* **Available records**

---*---

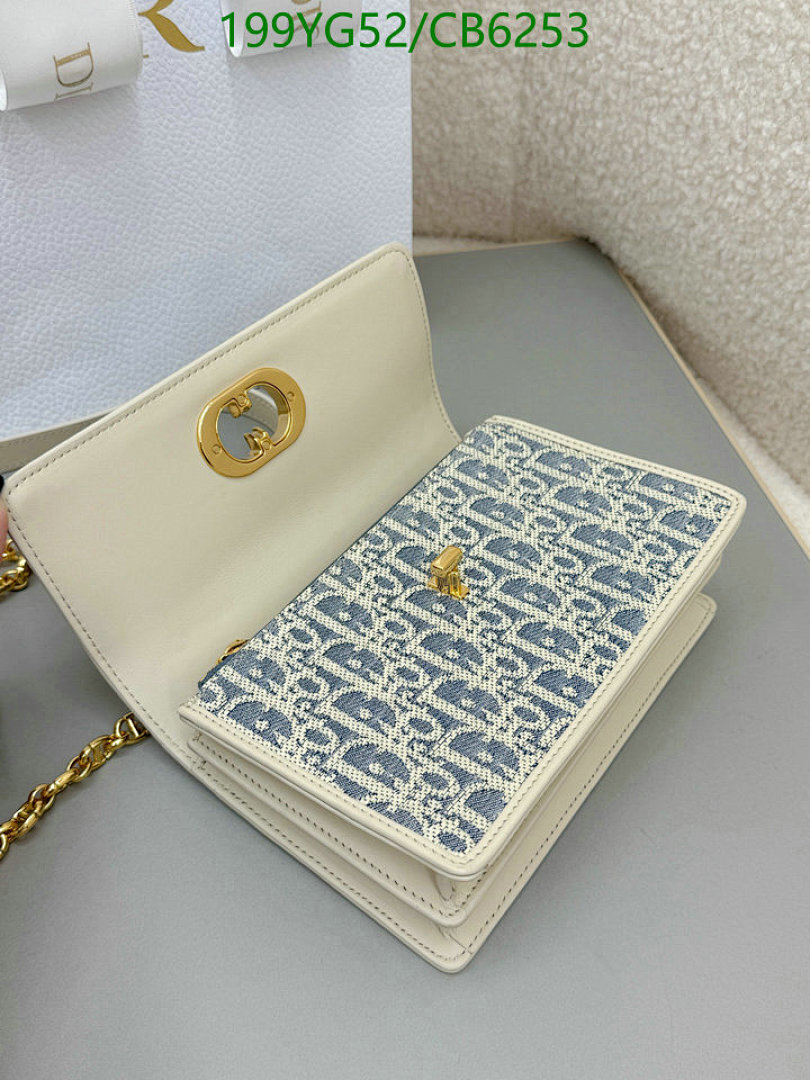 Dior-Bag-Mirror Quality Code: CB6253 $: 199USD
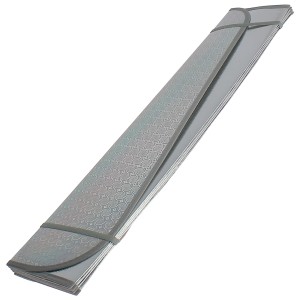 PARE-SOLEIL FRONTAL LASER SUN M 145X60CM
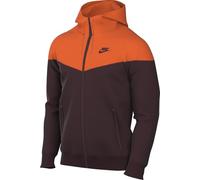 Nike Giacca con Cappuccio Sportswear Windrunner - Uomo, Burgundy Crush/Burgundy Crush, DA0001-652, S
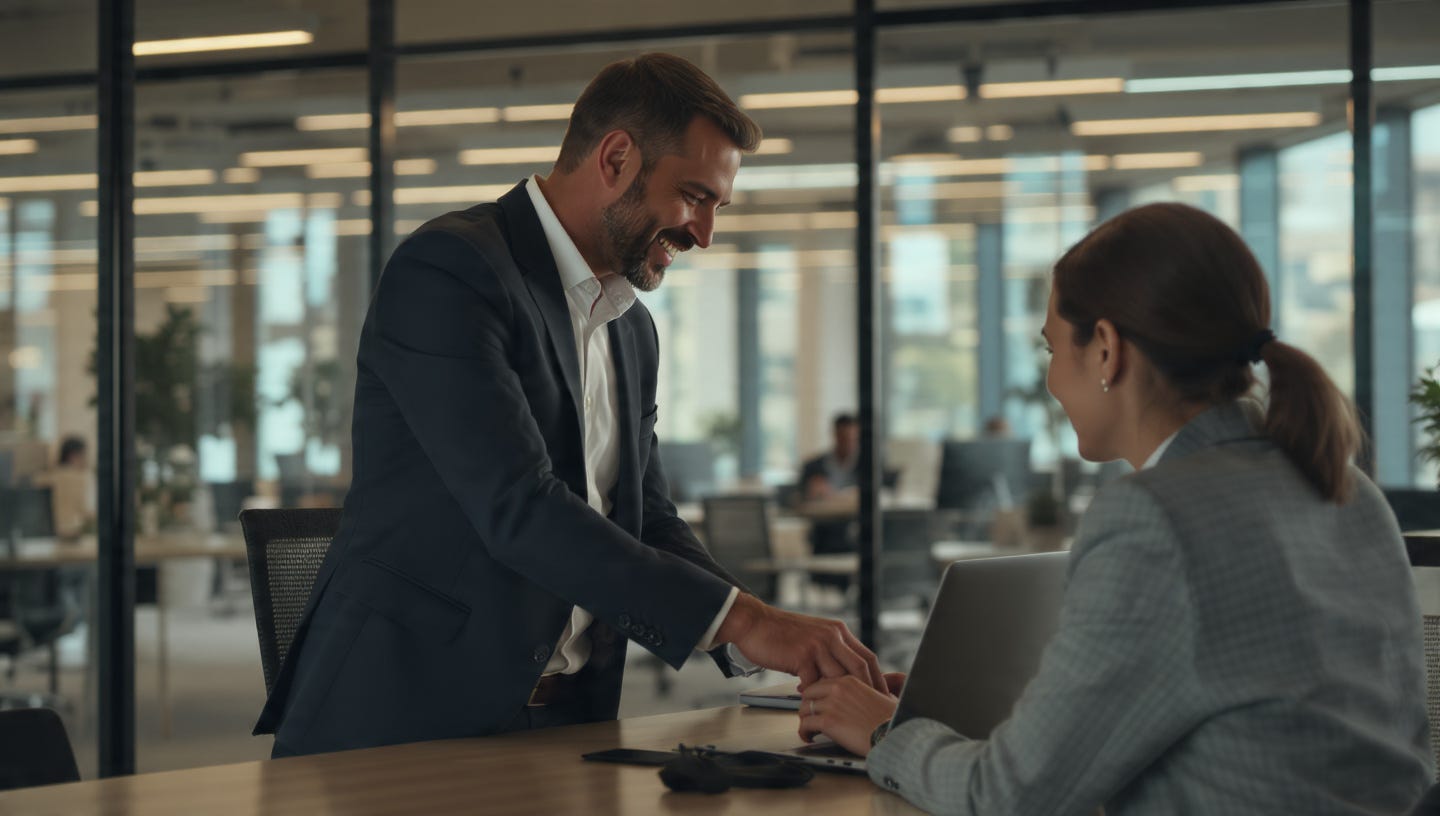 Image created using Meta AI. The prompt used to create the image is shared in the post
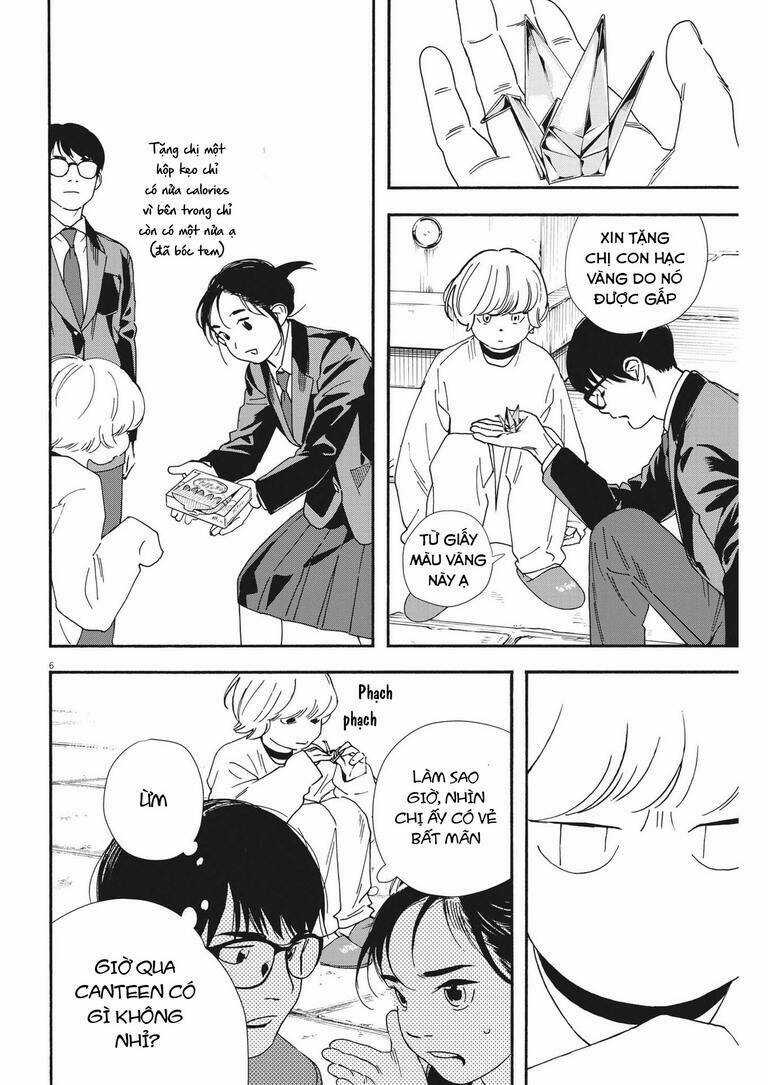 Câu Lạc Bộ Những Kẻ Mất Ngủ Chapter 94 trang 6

---*---

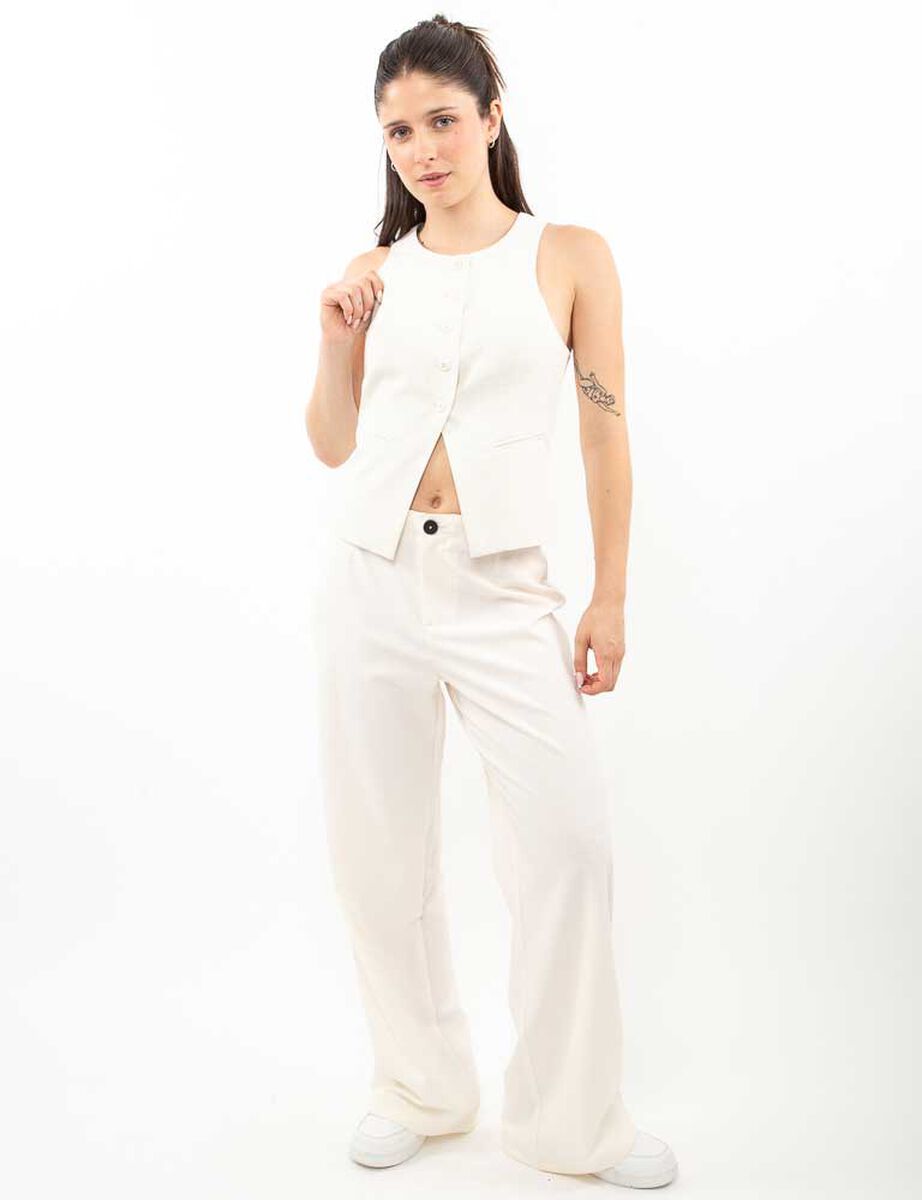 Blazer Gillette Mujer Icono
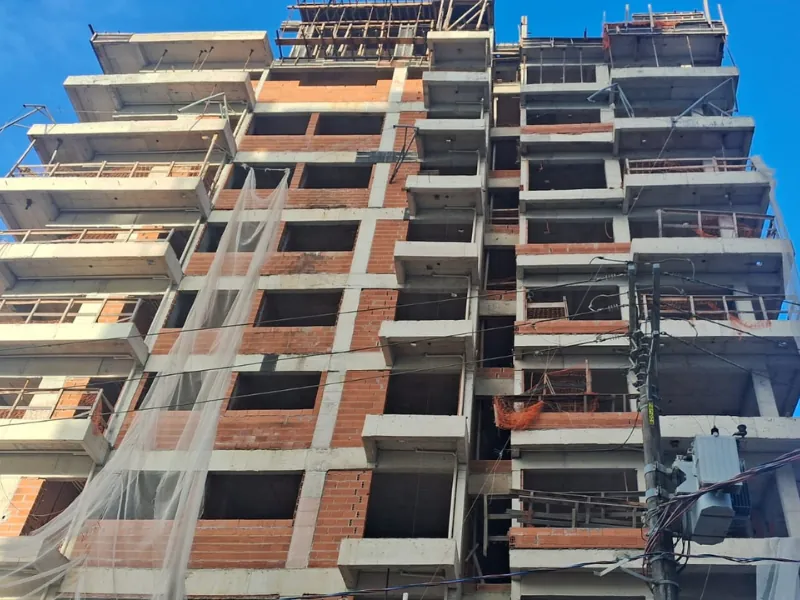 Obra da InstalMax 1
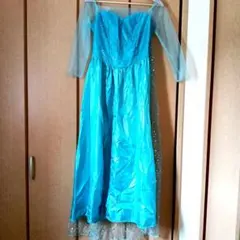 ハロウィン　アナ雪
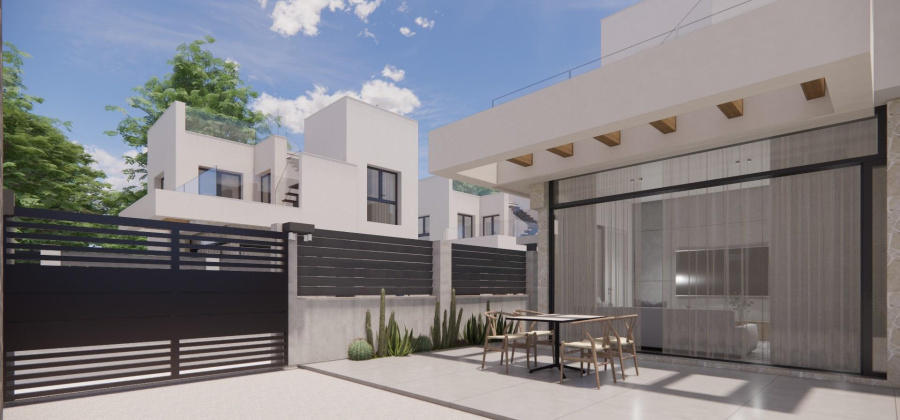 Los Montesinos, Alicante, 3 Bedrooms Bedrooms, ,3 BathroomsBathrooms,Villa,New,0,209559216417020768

---*---

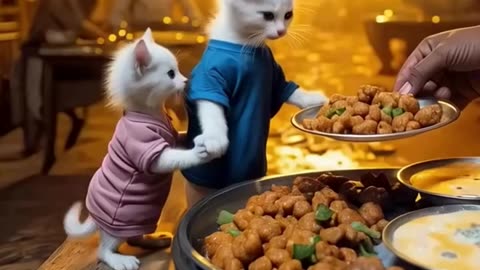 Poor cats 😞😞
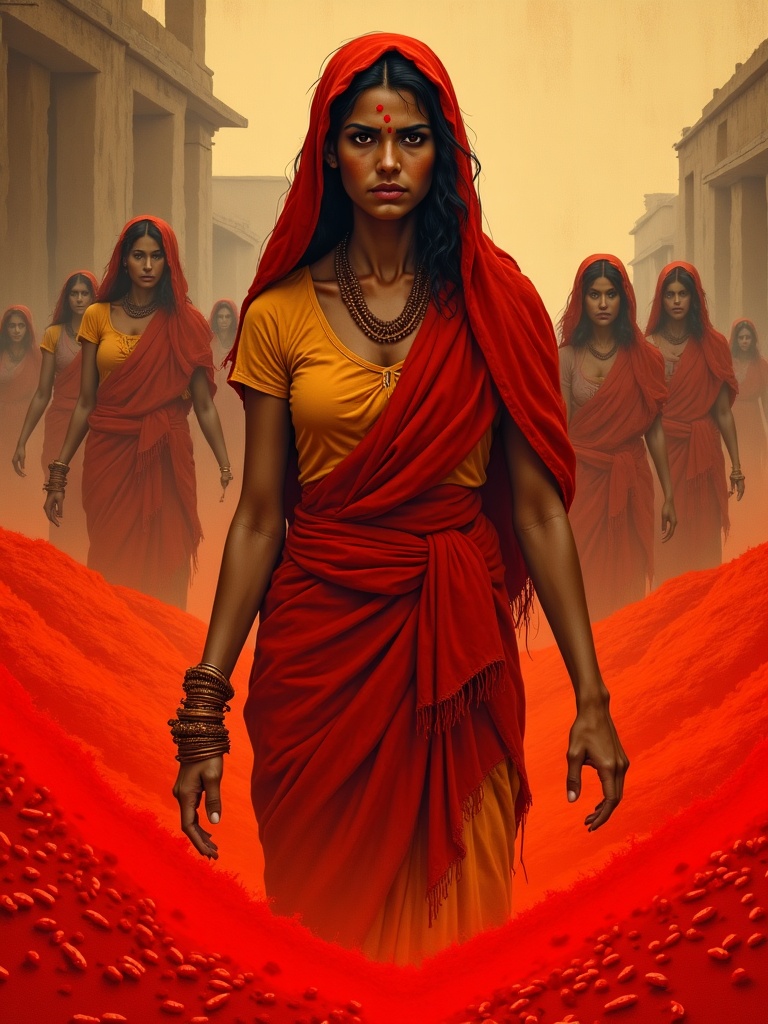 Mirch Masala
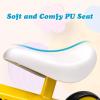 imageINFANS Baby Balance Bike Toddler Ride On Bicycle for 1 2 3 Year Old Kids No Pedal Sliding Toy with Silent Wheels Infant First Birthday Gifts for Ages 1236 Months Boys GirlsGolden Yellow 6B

---*---

* **Your assignment**
The line holding "Obra da InstalMax 1" starts the copy and the line holding "Los Montesinos, Alicante, 3" ends it. Repeat those two lines above and all between them exactly, leaving out pictures.

* **Reply to the exercise**
 Obra da InstalMax 1
 ハロウィン　アナ雪
 Los Montesinos, Alicante, 3 Bedrooms Bedrooms, ,3 BathroomsBathrooms,Villa,New,0,209559216417020768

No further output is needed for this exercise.